SHOPPING with my mum has made me something of a hoarder.

SHOPPING with my mum has made me something of a hoarder.

The reason is the phrase she’s most likely to come out with during a shopping trip: “I had something just like that when I was your age.”

My mum, it seems, was the height of fashion. Though old family photographs I’ve seen tend to show otherwise.

Mum can remember the swingin’ sixties, so one must assume she wasn’t there.

There’s a photograph of her queuing up overnight to get tickets for The Beatles in Manchester wearing a sixties monochrome dress.

She was about 12 at the time and had the blessing of her mother to spend the night camped out on the streets. I wasn’t allowed out past 8pm at that age.

I remember going shopping with mum when I was a teenager when monochrome had come back into fashion – again! It’s when I first heard what was to become her shopping catchphrase.

Sadly, she didn’t think ahead to a time she might have a daughter and save all her clothes.

I could have been the most stylish teenager in town wearing vintage clothes long before vintage ever became fashionable – again!

And that’s the reason I have four wardrobes.

While I’m happy to lead a minimalist life with few possessions, the chaos behind the wardrobe doors reveals a different side to me.

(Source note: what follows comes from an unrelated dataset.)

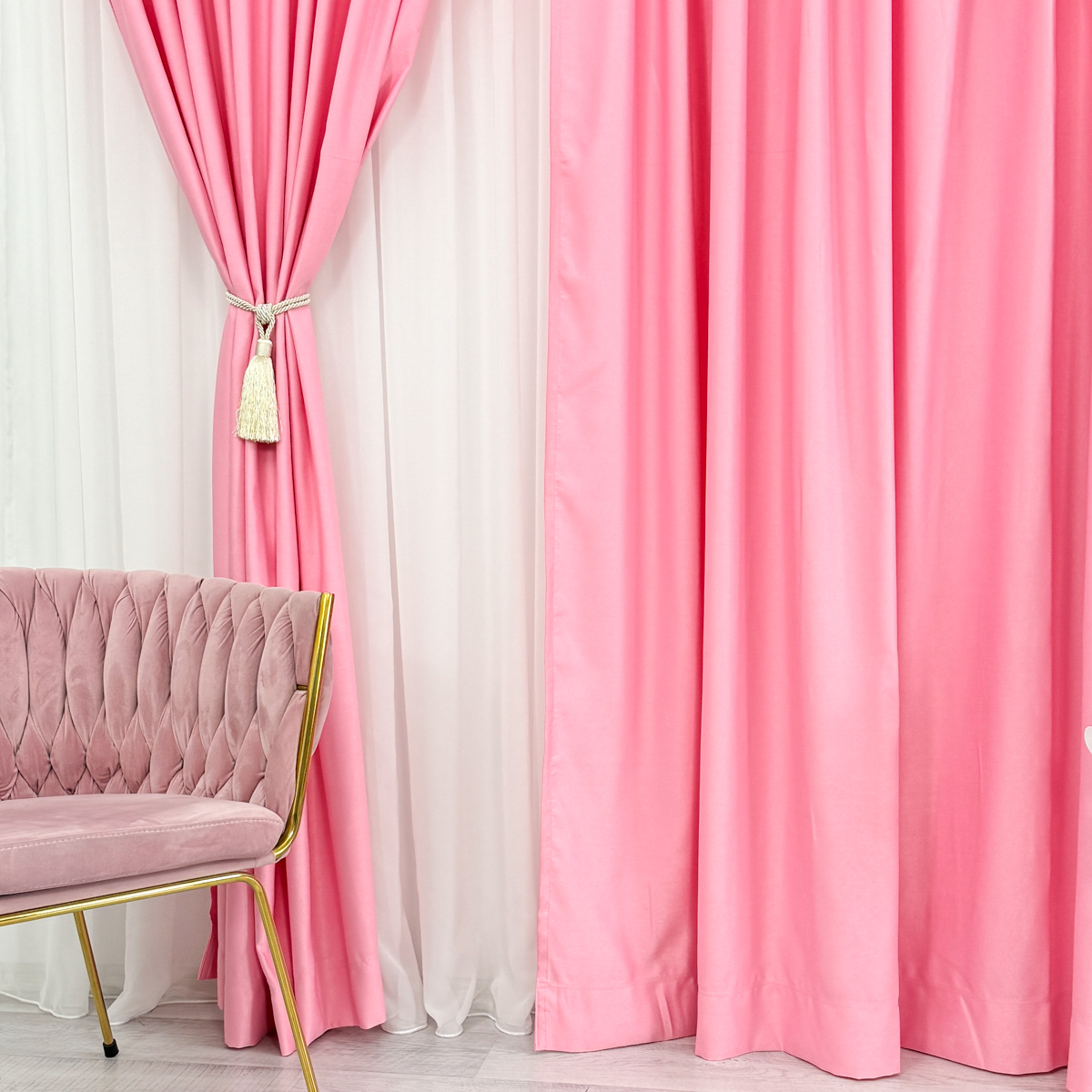 Poze Set 2 Draperii Soft Touch, cu Aspect Fin si Tenta Satinata, 140cm latime x 260cm inaltime, cu TIV LAT, Roz cumparamisim.ro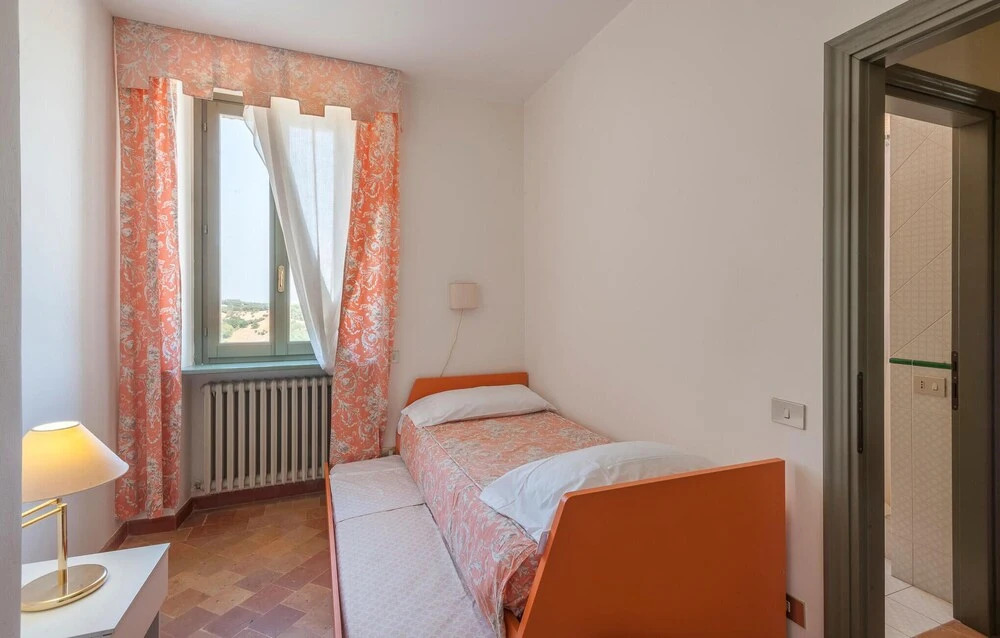 Stunning Apartment in Pesaro With Wifi and 2 Bedrooms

Dresses worn just once are crammed into a wardrobe with 20 pairs of jeans and goodness knows how many skirts. Holiday clothes mixed in with winter jumpers and coats and jackets, bought but rarely worn, are tightly packed on the same hangers.

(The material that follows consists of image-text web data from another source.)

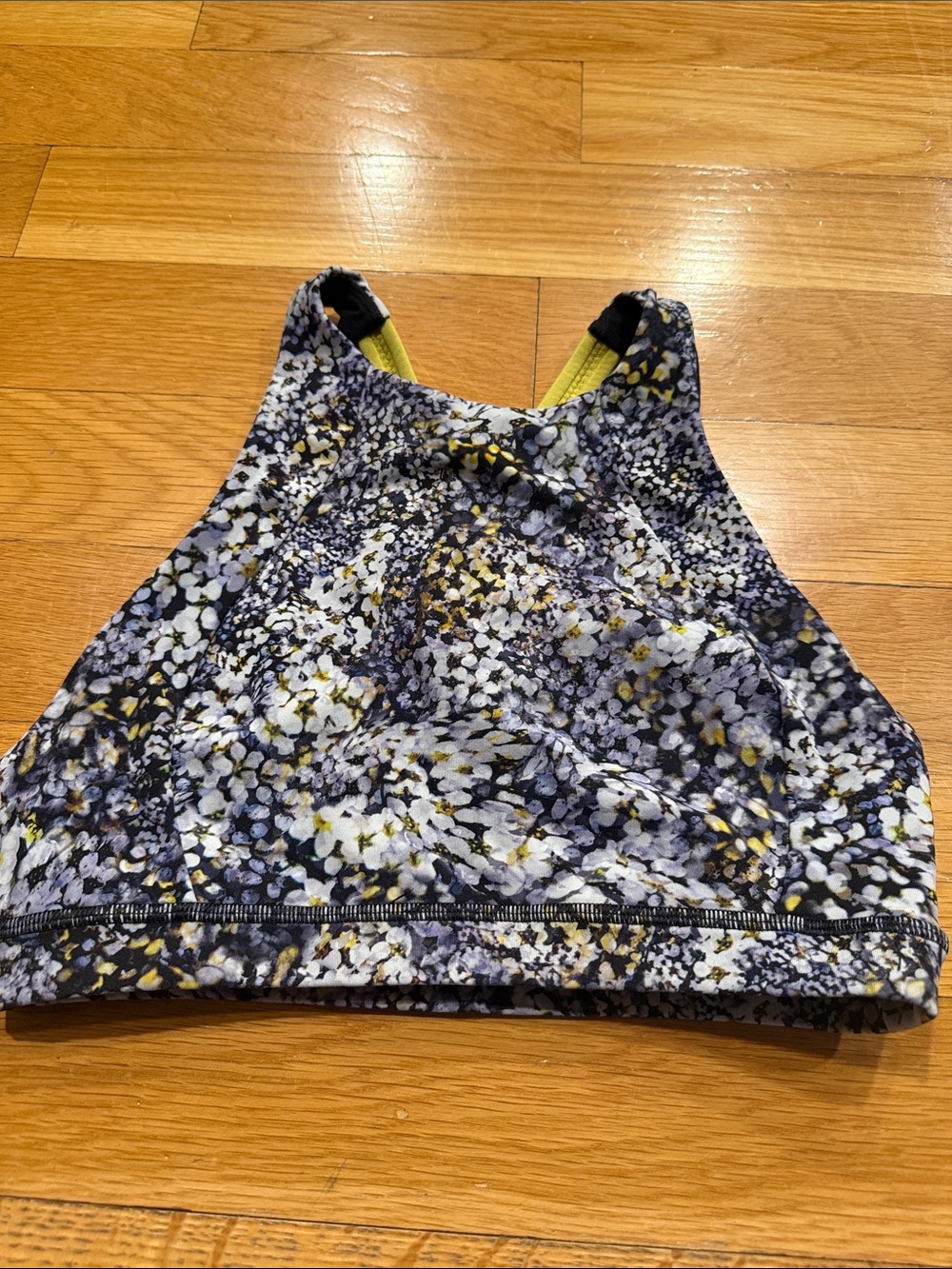 Lululemon Free to serene high neck bra size 6 .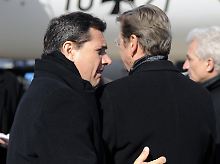 Westerwelle und Mronz bei der Ankunft in Tokio. 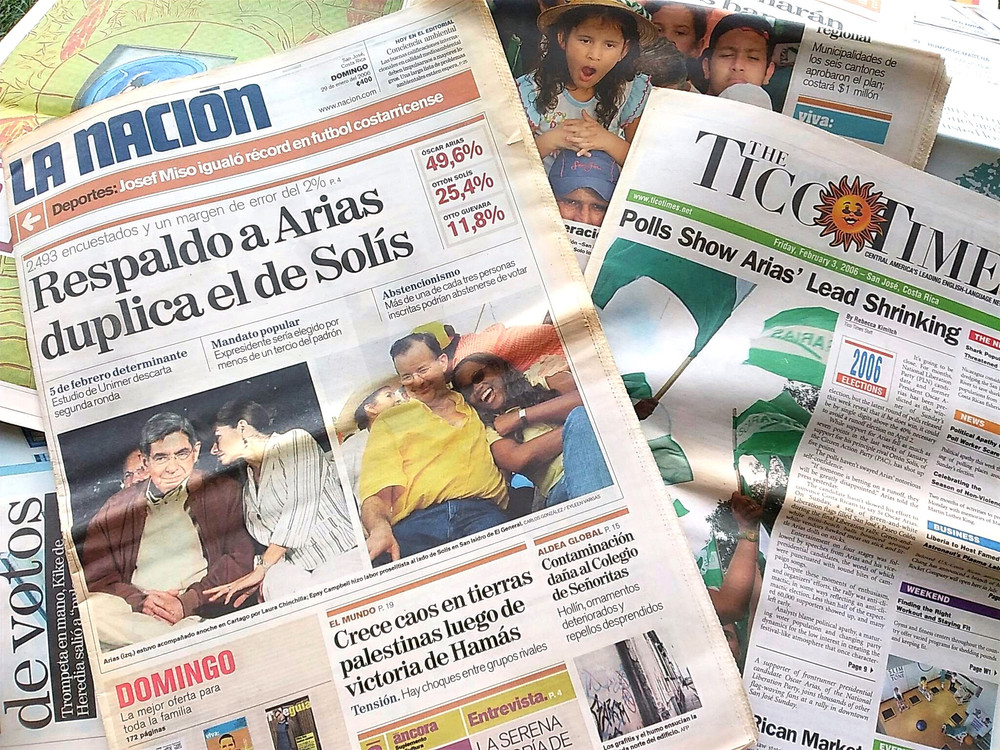 現地新聞コレクション（La Nación、The Tico Times等）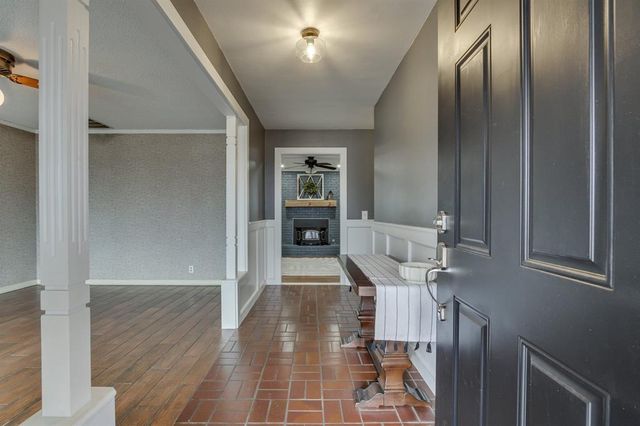 2717 Charleston Road, Edmond, OK 73025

But I’m simply unable to throw my clothes away.

I might occasionally give a few jumpers or T-shirts to friends, I recently donated a dress to one friend then immediately regretted it after handing it over. I bought it thinking it would suit me, but it took me a while to accept my pear-shaped body doesn’t fit or suit straight-cut dresses.

Luckily, I’ve remained a similar dress size for much of my 20s, but while there are clothes I’d never wear again, I simply cannot throw them out or donate them to a charity shop.

Take the pair of pink cropped trousers I bought from the now defunct clothes chain Morgan. As a teenager it was the place to buy clothes – trendy, affordable and not Topshop.

I teamed the pink trousers with a purple spotted strapless top – for a family wedding! What was I thinking? My lovely aunt and uncle’s wedding snaps ruined by my teenage self.

I once bought a stripy and alarmingly see-through skirt and top to wear to my cousin’s 21st birthday – she’s 33 now and still reminds me of it. More worryingly, what were my parents thinking letting me wear it?

I have a pair of black sequined hotpants – bought for a fancy dress party I went to as Lady Gaga – which certainly will never be worn again. Then there’s my Sex and the City-inspired pink tutu which cost me £16 from a Huddersfield shop. An hour later I saw one for £5. I still cannot recall why I bought it.

I have several bridesmaids dresses – one a ballgown style and another simply hideous – but don’t feel like I’m able to get rid of them in case the brides ask to see them again when in nostalgic mood.

And yet I believe, naively, that my idea of fashion nowadays could never look as dated as my mother’s fashion – do we have fashion as iconic as the 60s, 70s and 80s?

If I ever have a daughter, she won’t know what’s hit her. If I don’t, my 90-year-old self will look a right sight!